I think that it makes sense for some people to initially respond that way since a lot of times women do hear these types of things when men are expecting things of their bodies--whether it is chauvinists who judge their bodies for public attention (like Howard Stern) or personal experiences (like the one I described) where a man is acting entitled and invasive.

But I think there are a lot of reasons why someone would say that a man should be glad to have attention of a woman, and I think very few of those are really founded in feminism. I've never heard feminist scholars devote a lot of energy to asserting that men should be grateful for female attention. That tends to be something that men complain about and say to each other.

I can see why you felt that initial comment was assuming things about your intentions or your feelings, but I also think that she may have had personal experiences where people had acted entitled, and she'd seen them. So the reality is that even if you weren't being entitled, she may have seen that type of entitlement firsthand. But who knows--she'd have to answer that. I know I've seen that type of entitlement before, and I can see how someone might think of that even if that's not what you were intending. But it doesn't require feminism to experience that--just to analyze it.
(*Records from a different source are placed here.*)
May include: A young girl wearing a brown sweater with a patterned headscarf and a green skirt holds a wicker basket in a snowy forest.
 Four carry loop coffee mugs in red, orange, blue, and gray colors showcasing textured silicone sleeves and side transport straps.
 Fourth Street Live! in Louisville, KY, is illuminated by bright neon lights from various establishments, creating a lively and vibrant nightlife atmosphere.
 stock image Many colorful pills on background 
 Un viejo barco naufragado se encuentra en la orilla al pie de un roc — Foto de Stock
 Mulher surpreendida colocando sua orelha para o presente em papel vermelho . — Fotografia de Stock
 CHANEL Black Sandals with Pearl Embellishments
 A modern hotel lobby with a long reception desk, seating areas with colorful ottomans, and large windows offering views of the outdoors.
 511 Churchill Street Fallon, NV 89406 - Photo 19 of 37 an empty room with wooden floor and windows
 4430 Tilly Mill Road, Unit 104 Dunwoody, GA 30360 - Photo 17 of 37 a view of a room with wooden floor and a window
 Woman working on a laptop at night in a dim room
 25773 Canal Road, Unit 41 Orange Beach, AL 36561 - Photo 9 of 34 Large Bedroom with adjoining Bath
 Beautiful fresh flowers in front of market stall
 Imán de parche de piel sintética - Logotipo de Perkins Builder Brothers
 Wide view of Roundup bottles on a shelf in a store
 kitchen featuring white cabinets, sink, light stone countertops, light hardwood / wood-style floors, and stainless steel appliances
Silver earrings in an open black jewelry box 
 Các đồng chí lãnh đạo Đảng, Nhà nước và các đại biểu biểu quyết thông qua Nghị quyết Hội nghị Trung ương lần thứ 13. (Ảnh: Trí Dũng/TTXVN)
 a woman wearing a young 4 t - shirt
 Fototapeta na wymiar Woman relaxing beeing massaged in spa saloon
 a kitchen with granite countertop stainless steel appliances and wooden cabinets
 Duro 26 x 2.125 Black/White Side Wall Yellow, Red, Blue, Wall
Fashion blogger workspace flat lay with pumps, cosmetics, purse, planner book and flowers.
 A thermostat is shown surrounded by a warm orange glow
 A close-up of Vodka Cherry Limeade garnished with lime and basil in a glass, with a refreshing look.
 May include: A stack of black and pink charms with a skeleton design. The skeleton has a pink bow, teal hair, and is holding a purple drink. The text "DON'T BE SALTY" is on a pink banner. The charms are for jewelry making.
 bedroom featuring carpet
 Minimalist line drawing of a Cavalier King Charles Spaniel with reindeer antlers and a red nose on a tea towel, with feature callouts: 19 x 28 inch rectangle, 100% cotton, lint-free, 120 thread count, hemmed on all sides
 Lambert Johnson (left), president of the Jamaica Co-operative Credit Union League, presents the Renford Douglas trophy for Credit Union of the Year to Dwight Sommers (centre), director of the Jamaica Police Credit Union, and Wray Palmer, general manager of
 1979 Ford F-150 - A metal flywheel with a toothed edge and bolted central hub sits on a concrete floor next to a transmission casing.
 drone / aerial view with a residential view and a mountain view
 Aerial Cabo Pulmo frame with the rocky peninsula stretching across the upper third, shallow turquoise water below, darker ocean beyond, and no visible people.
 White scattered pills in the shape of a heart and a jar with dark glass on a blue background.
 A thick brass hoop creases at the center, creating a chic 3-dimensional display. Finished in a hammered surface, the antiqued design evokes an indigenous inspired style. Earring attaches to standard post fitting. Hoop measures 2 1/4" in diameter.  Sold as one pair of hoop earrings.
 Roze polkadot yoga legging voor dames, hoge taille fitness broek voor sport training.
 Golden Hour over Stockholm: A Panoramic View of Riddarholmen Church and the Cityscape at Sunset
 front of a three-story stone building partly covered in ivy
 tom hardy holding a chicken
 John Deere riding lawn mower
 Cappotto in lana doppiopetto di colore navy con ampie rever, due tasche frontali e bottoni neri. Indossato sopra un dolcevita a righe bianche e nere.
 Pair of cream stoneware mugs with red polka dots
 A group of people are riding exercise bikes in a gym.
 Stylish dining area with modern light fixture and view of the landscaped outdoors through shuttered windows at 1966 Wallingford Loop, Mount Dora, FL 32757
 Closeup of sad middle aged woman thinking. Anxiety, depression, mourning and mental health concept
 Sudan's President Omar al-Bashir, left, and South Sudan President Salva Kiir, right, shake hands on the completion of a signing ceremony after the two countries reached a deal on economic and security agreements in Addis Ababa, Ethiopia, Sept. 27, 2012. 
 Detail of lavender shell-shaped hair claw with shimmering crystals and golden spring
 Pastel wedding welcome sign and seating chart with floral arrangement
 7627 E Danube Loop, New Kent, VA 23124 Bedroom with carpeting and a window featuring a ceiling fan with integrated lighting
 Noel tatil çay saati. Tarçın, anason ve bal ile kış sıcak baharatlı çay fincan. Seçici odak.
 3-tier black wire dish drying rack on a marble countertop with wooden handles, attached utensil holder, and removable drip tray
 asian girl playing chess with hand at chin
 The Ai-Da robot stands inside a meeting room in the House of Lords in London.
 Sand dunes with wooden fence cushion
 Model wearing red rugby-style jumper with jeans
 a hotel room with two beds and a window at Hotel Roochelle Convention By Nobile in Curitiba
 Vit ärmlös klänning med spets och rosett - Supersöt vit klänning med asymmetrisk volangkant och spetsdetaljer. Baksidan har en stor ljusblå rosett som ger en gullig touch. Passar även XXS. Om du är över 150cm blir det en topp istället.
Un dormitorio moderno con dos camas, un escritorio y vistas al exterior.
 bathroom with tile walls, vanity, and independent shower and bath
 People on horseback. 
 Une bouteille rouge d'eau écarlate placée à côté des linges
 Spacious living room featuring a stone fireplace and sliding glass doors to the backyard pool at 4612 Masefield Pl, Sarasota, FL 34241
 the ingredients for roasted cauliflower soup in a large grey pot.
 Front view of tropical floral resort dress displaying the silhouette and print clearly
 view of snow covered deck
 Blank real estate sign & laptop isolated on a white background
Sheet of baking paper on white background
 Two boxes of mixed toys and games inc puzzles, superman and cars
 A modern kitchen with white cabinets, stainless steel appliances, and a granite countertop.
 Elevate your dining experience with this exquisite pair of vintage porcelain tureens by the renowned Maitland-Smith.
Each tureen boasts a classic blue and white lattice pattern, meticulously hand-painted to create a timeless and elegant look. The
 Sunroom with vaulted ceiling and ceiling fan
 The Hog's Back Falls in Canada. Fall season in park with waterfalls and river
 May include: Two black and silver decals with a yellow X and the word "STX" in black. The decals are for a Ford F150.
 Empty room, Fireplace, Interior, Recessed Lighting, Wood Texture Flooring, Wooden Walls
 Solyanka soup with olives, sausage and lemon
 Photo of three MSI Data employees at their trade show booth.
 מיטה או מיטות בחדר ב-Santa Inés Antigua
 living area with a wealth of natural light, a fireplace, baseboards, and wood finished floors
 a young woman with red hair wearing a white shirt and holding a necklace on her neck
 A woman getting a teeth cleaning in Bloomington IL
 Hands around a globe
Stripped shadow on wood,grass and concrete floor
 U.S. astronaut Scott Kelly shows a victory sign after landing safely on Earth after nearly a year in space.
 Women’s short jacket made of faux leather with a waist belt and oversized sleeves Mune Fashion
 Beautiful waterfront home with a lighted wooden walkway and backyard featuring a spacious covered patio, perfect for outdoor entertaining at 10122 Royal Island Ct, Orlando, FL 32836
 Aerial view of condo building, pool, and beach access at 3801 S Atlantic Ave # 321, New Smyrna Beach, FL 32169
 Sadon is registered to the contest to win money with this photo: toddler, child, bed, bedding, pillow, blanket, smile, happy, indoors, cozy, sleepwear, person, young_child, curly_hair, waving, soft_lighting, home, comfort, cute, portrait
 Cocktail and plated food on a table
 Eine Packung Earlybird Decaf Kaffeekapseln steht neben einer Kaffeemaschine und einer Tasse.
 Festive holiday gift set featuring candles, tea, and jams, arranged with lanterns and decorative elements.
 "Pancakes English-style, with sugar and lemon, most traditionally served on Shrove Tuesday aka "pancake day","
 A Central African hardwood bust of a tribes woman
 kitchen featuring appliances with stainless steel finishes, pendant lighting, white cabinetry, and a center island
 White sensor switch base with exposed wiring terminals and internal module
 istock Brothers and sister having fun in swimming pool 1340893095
Everyone should know that it is okay to have sexual preferences--if anything feminism is probably the most responsible for helping to encourage that type of acceptance of preferences than any other movement I can think of. You always have agency over your own body and your feelings--if you don't want to have sex with someone for any reason, that is never challenged by feminism--feminism has championed the legitimacy of saying no and also knowing yourself and what you want.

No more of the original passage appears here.